総務省消防庁の調査では、06年に全国で起きた火災のうち、製品の欠陥が原因と断定されたのが174件ありました。内訳は、電気コンロなどの電気用品が105件、給湯機などの燃焼機器が49件、自動車は20件です。

製品 メーカー 件数
電気コンロ 日立アプライアンス 6
電気コンロ サンウエーブ工業 5
電気ストーブ 大宇電子ジャパン 5
テレビ 東芝 5
エアコン 東芝キャリア 5
     
石油給湯機 ノーリツ 26
石油給湯機 TOTO 7
石油給湯機 長州産業 5
     
キャリイ スズキ 3
ベクスター スズキ 2
デュトロ 日野自動車 2

ただし、製品の欠陥が原因とは断定出来ない火災は719件ありました。

メーカーなどは07年5月の
改正消費生活用製品安全法施行で、経済産業省への報告が義務化され、08年11月までに2048件の事故が報告されています。

07年10月三重県で、91年にパナソニックが
リコールした電気洗濯機で火災が発生した事件など、リコール中の家庭用製品による重大事故は、07年5月以降少なくとも234件起きた事がわかっています。

リコールは90年以降だけでも1000件を越しており、今やメーカー側の
告知には限界があるのです。消費者の自己防衛が必要なのです。

08年7月、経済産業省によると、電気コンロを自主回収していた萬品電機製作所が破産になり、リコールが続けられなくなったと伝えています。泣きっ面にハチでしょうか。

また経産省が公表した製品事故情報では、
暖房器具が火元とみられる火災は、08年11月〜09年3月に少なくとも180件起き、死者16人、重軽傷者は56人。

事故が目立ったのは、石油ストーブ、電気ストーブ、石油温風器、エアコン、電気温風器、電気こたつの6製品。最も多かったのは54件の
石油ストーブです。

46件の
電気ストーブは製品側の問題が多いのです。経産省所管の製品評価技術基盤機構によると、ハロゲンヒーターは22社が製品事故の発生によりリコール中で、そのうち大宇電子ジャパンが03年から回収中の「SD―80G」は、この期間だけで4件の火災が起きています。

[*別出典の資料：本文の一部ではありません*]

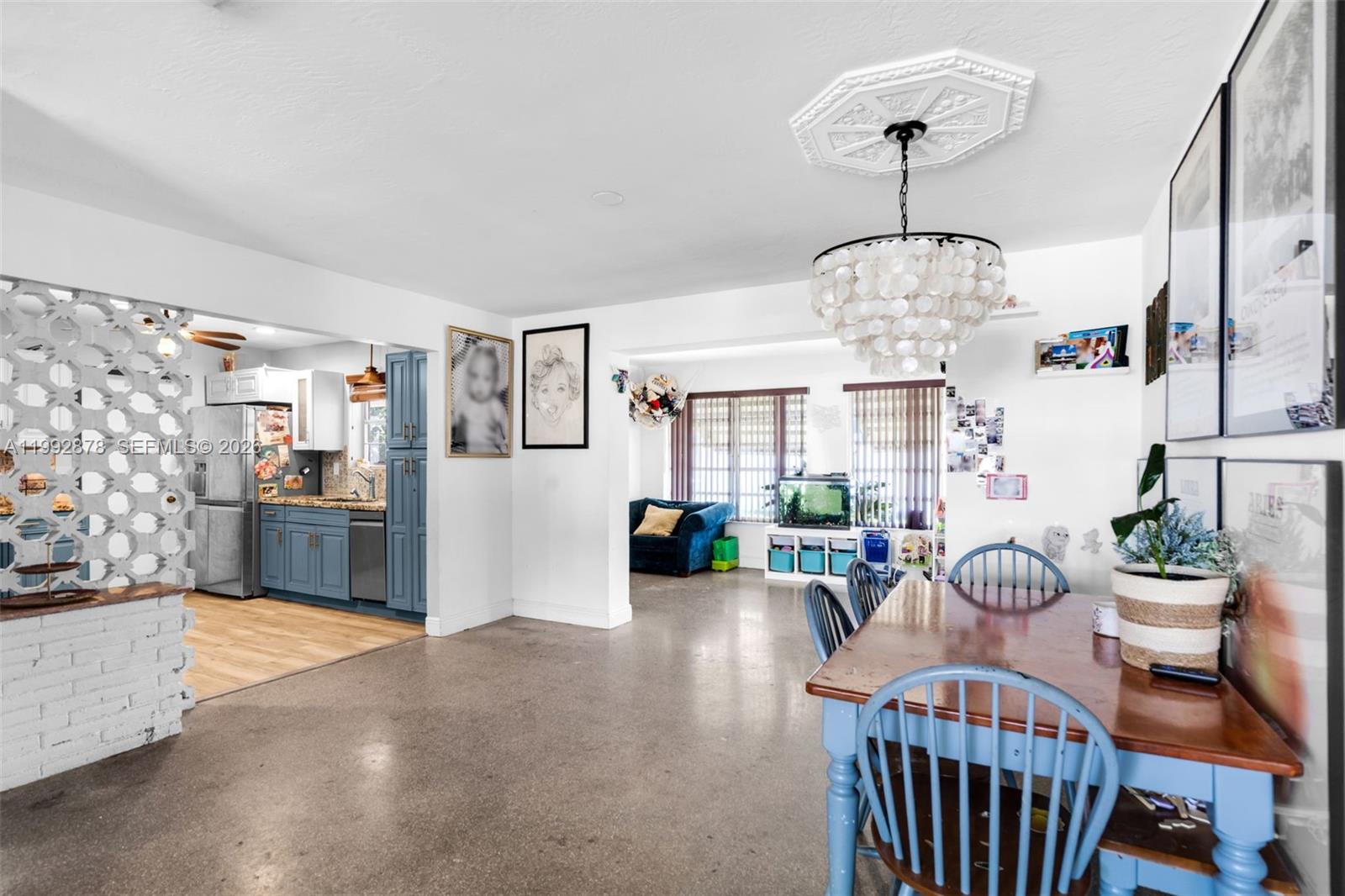 MIRAMAR SEC 5 - Residential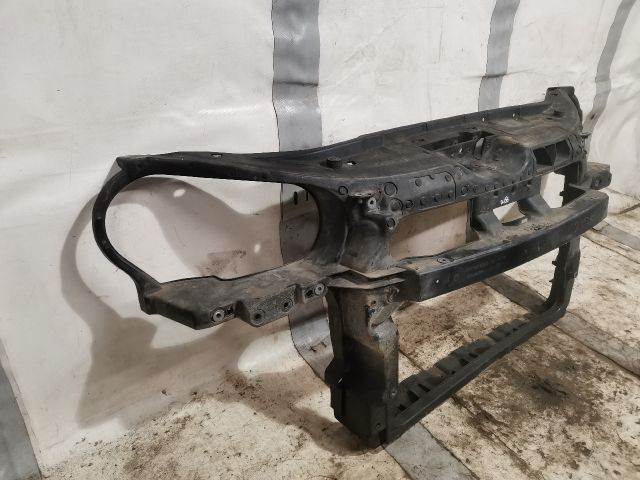 bontott VW POLO IV Homlokfal (Üres lemez)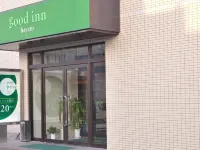 Good Inn Hayato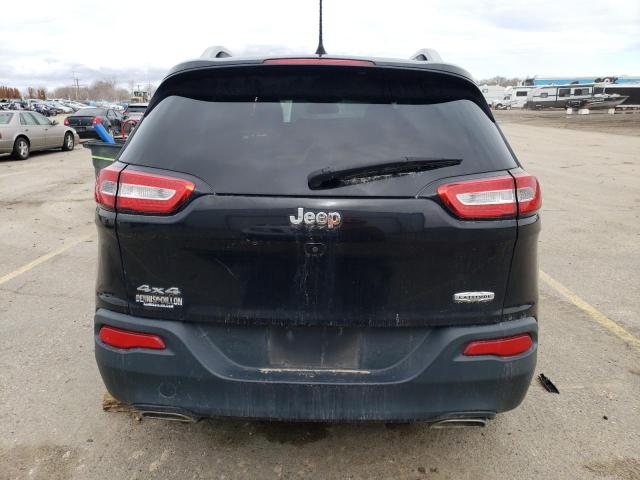Photo 6 from auction – 2016 JEEP CHEROKEE L with VIN 1C4PJMCS7GW225359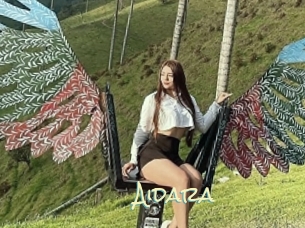 aidara Porn Monkey Cash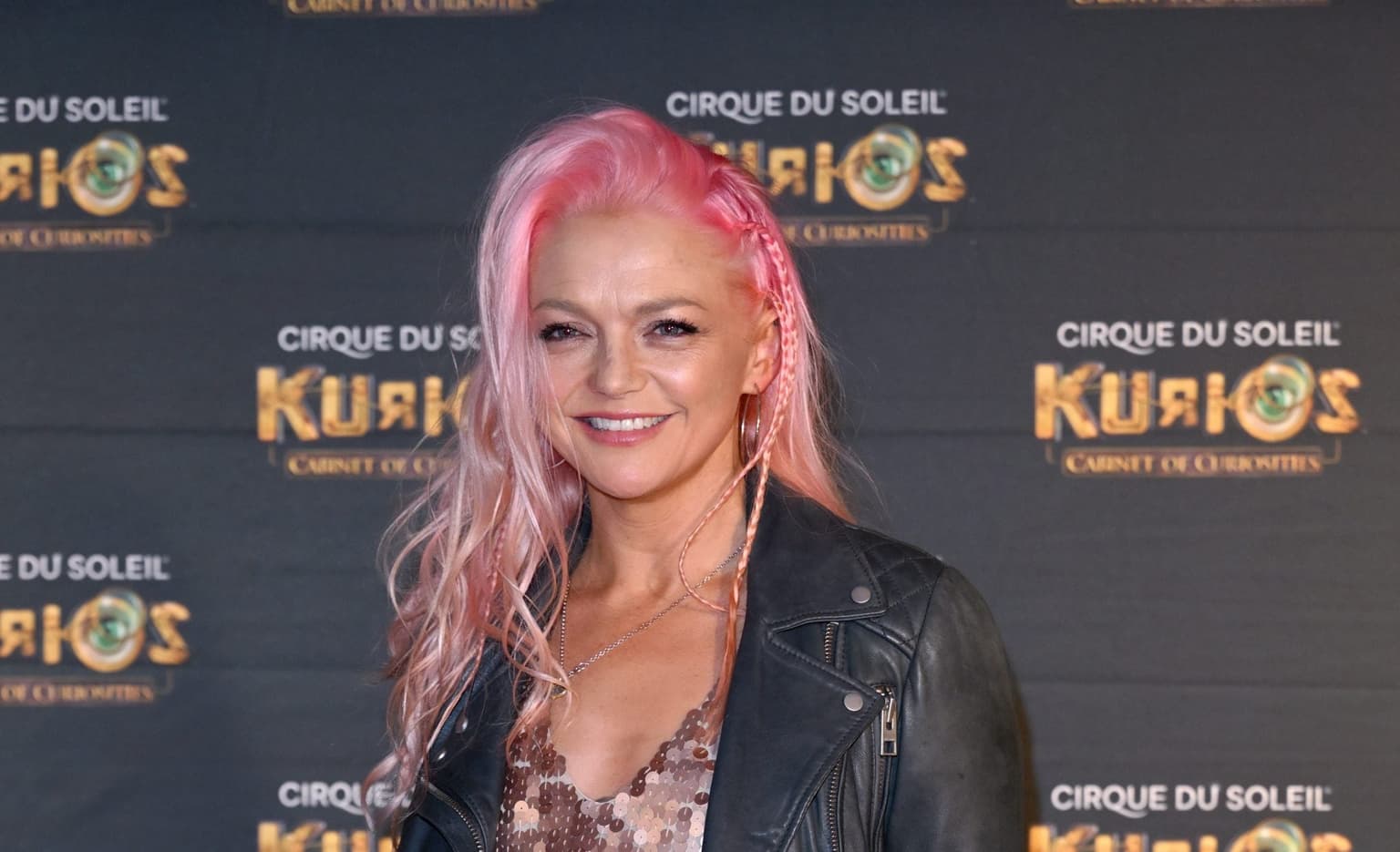 S Club 7’s Hannah Spearritt and children left homeless after being forced from home before Christmas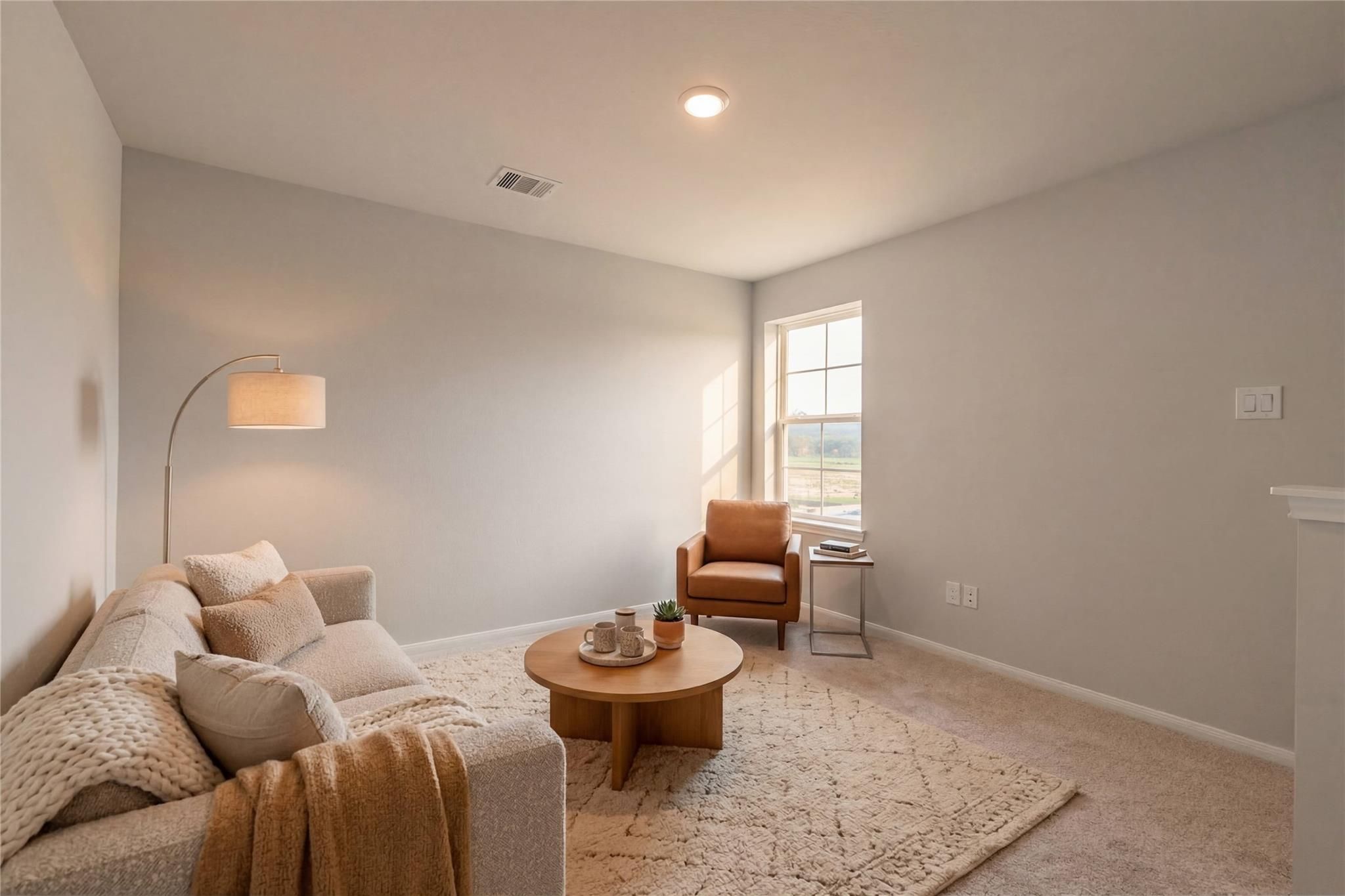 Image 26 of Davidson Homes' New Home at 2037 Caney Creek Court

石油ファンヒーター火災で06年に父親(当時85)を亡くした東京都内の女性が10年5月、暖房機器メーカーに約1千万円の
損害賠償を求める訴えを東京地裁に起こした。
しかし、消防当局が情報を開示していないため、父親が使っていたヒーターがこのメーカー製かどうかは分かっていません。だが、損害賠償の時効間近なため、「見切り発車」の裁判になります。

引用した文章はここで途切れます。